Aim of the exercise – Skip every picture, and copy exactly the lines from the one containing "Toyota Auris 1.8" to the end of the data.

Short web captions –
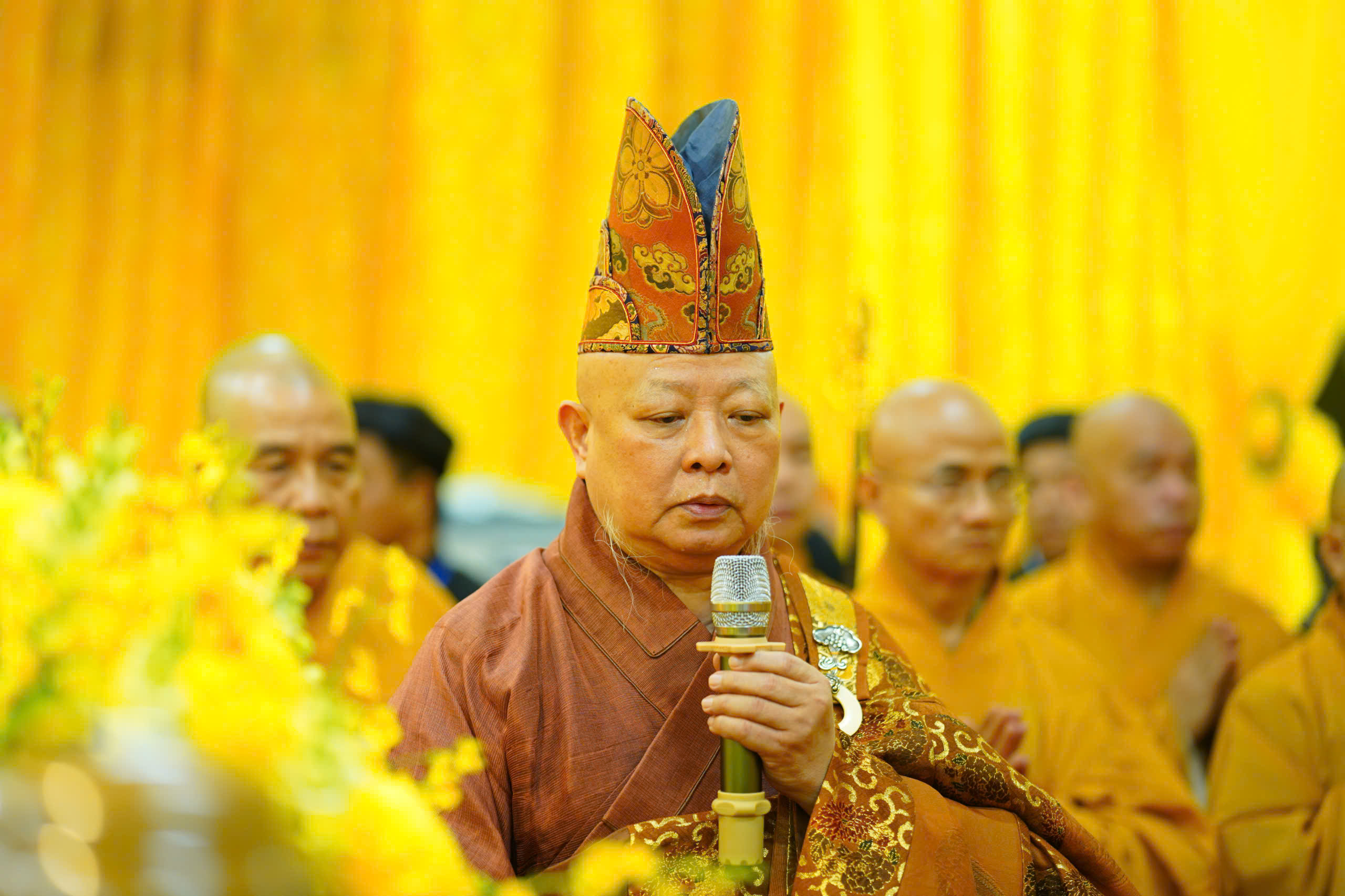 GHPGVN tiễn đưa kim quan trưởng lão hòa thượng Thích Trí Tịnh rời chùa Vĩnh Nghiêm - Ảnh 2.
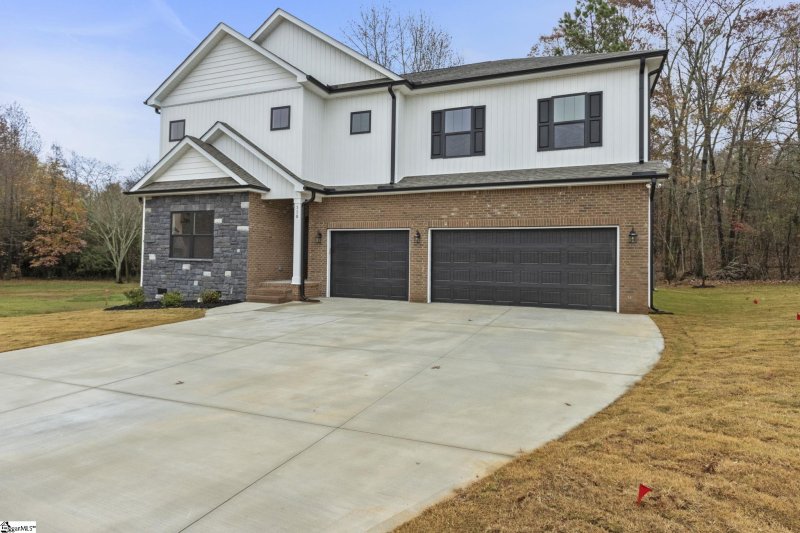 Property image 2 at 110 Pleasant Dale Court, Fountain Inn, SC 29644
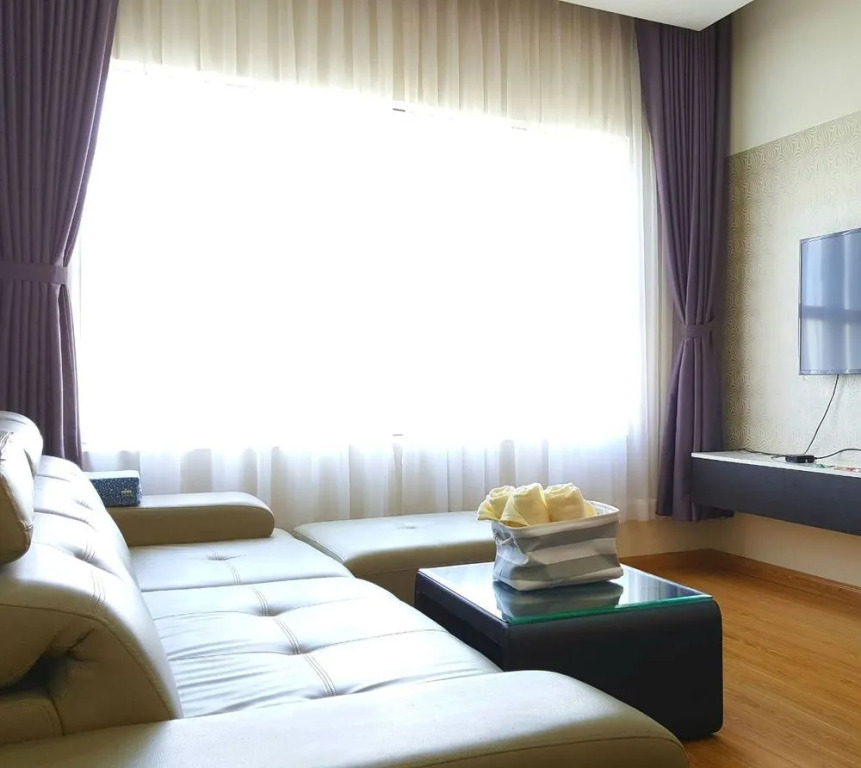 Sunrise City 2BR with Infinity SW Pool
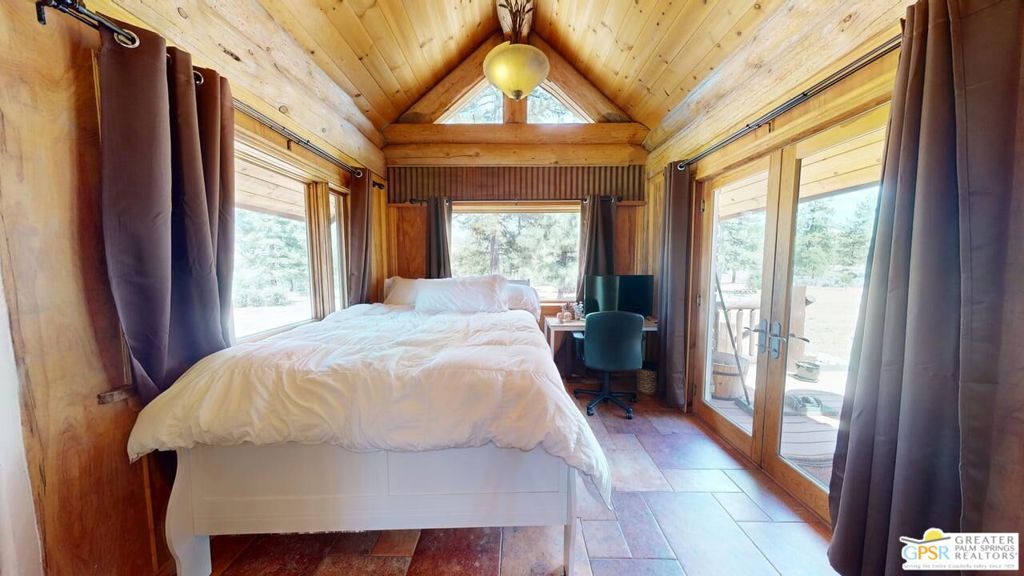 Garner Valley - Residential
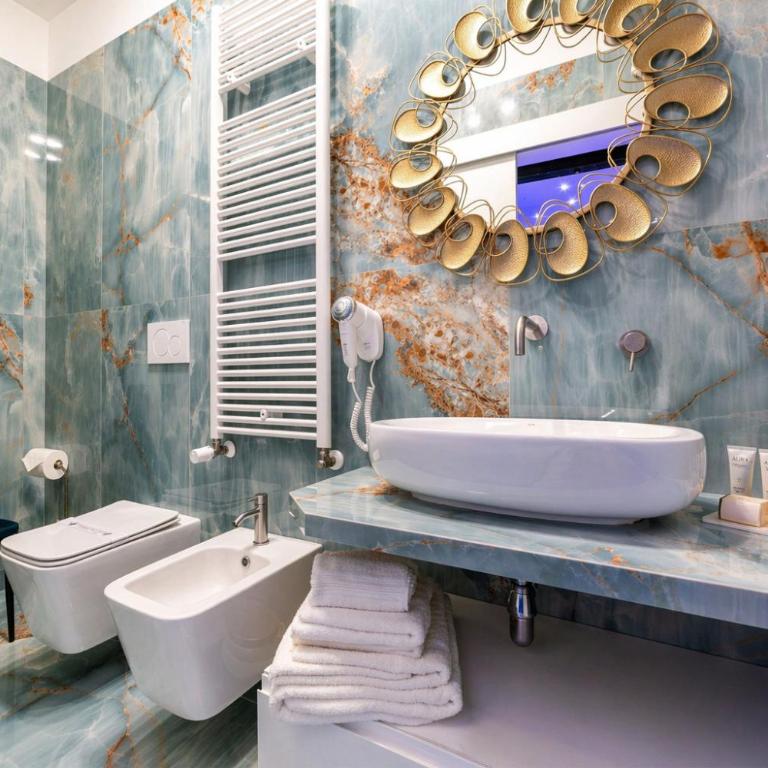 Suite Acquamarine by Symphonya Luxury Holiday Rentals - Camera Matrimoniale con Vasca Idromassaggio - 5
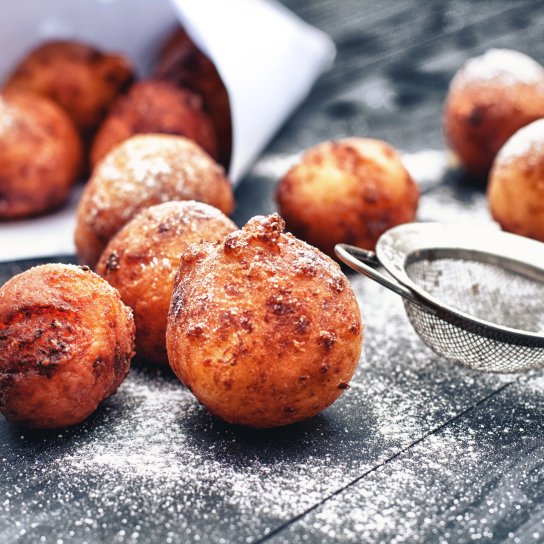 Сирні пончики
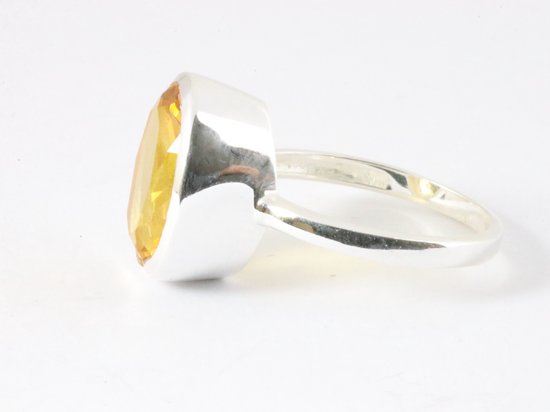 Hoogglans zilveren ring met citrien afbeelding 2
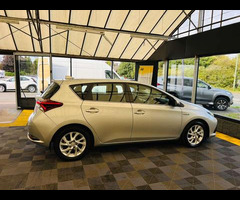 Toyota Auris 1.8 Auris Icon TSS Hybrid VVT-i CVT 5dr - 9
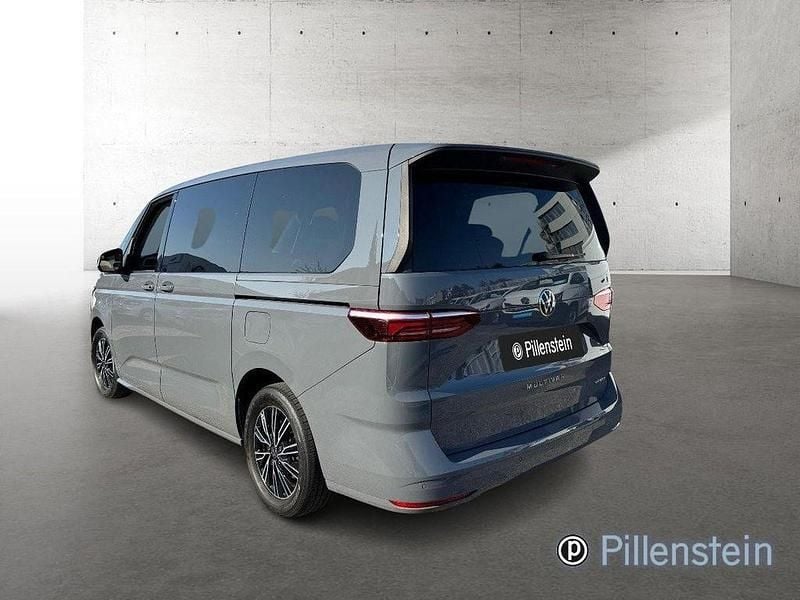 Gebraucht VW Multivan Basis 150 PS (110 kW) 2022 Grau Van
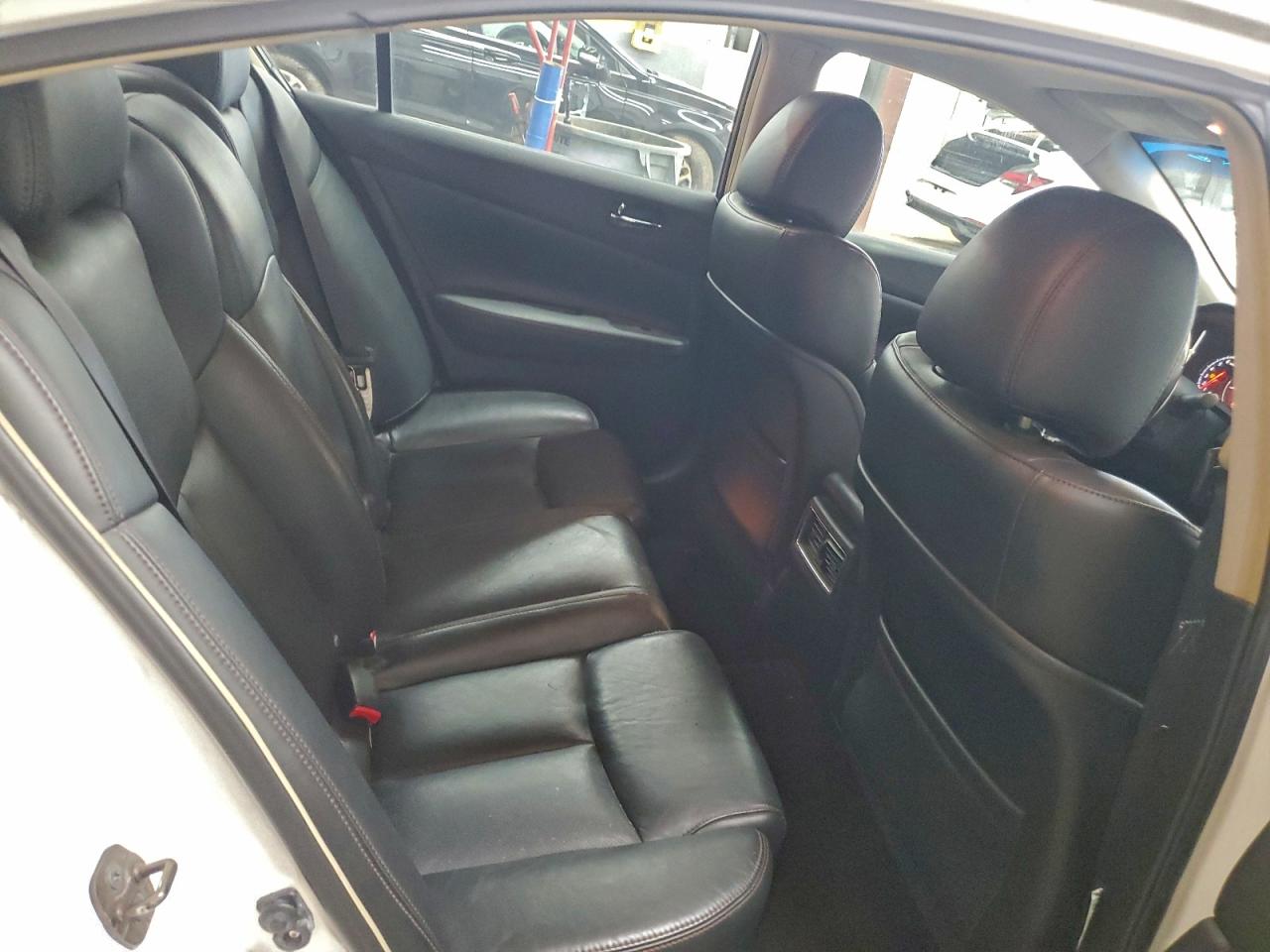 Nissan Maxima S Image 10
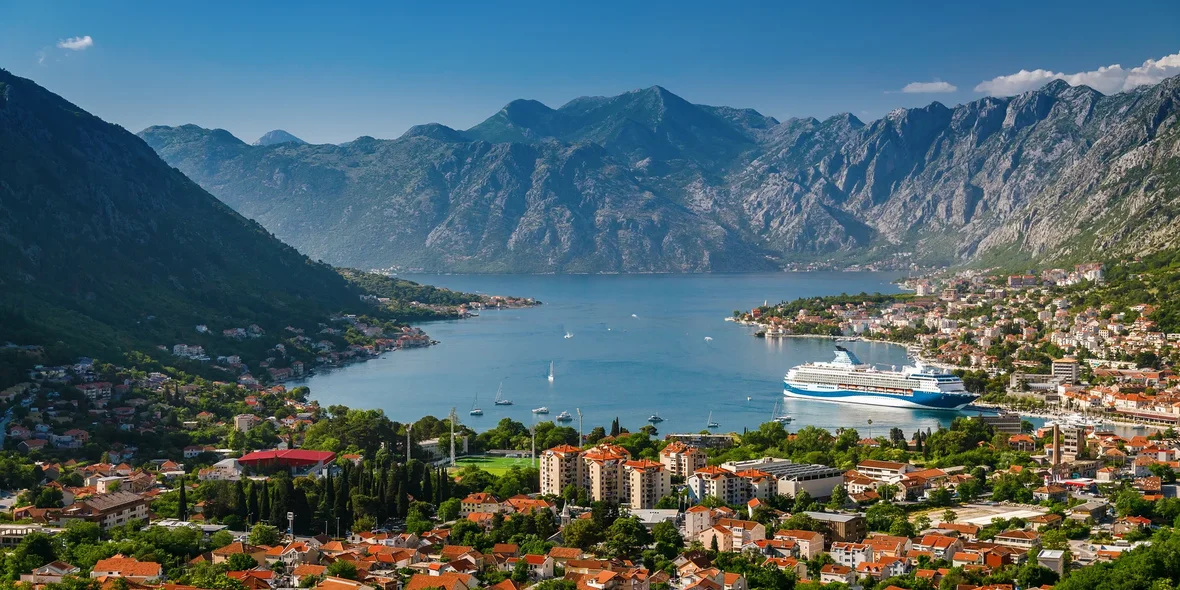 Вид с воздуха на живописный город Котор в Черногории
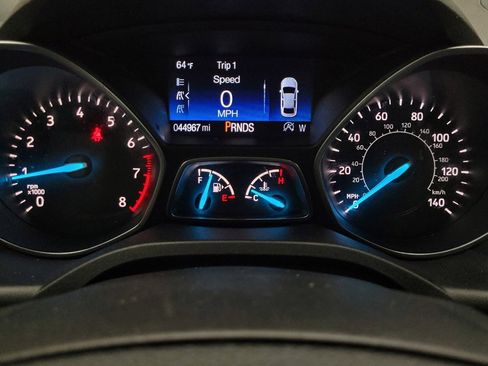 Used 2017 Ford Escape Titanium image 23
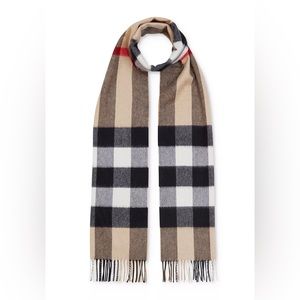 New with tags! Burberry Mega Check Cashmere Scarf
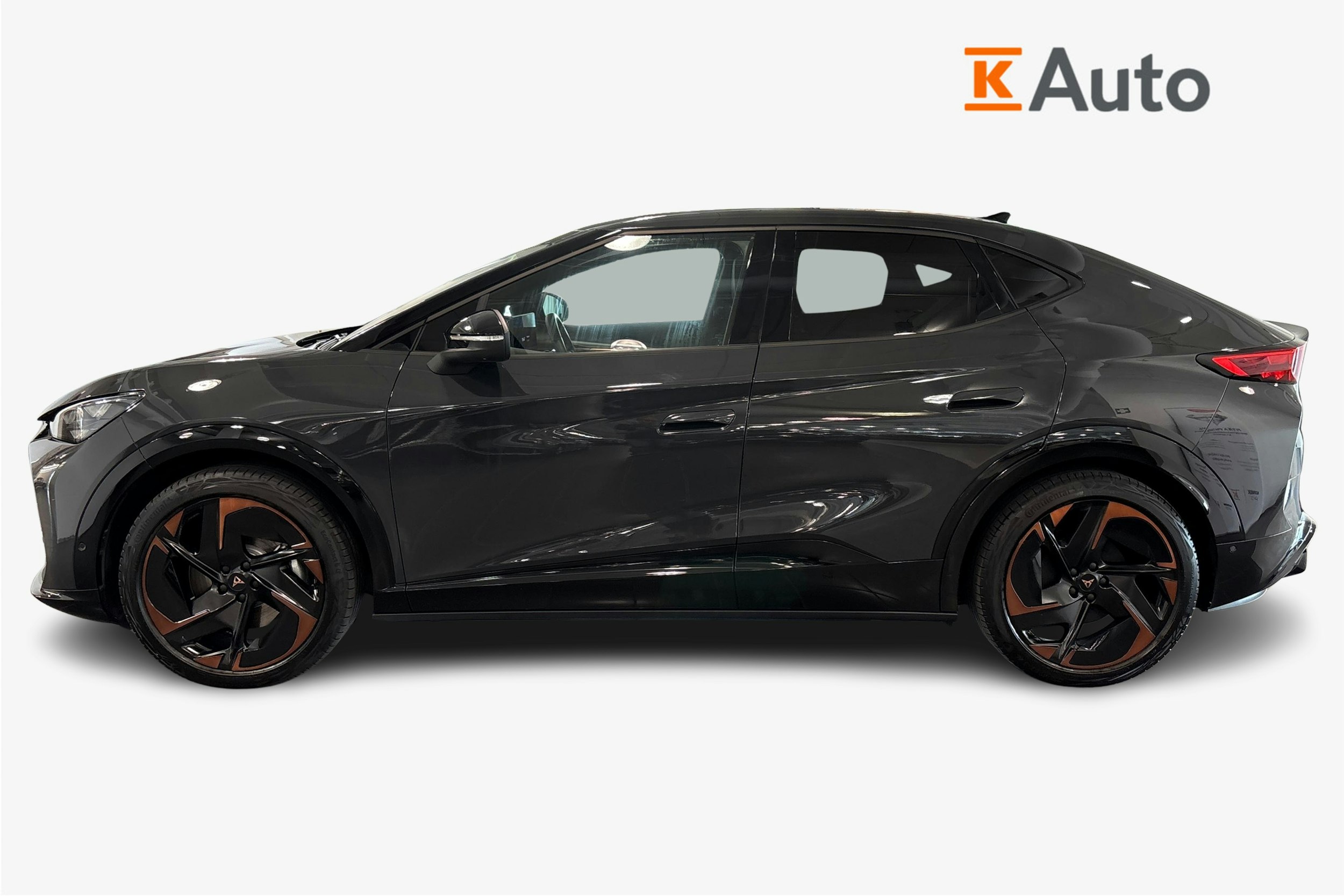 harmaa CUPRA Tavascan 2025 kuva 6.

Solution to the exercise –
 Toyota Auris 1.8 Auris Icon TSS Hybrid VVT-i CVT 5dr - 9
 Gebraucht VW Multivan Basis 150 PS (110 kW) 2022 Grau Van
 Nissan Maxima S Image 10
 Вид с воздуха на живописный город Котор в Черногории
 Used 2017 Ford Escape Titanium image 23
 New with tags! Burberry Mega Check Cashmere Scarf
 harmaa CUPRA Tavascan 2025 kuva 6.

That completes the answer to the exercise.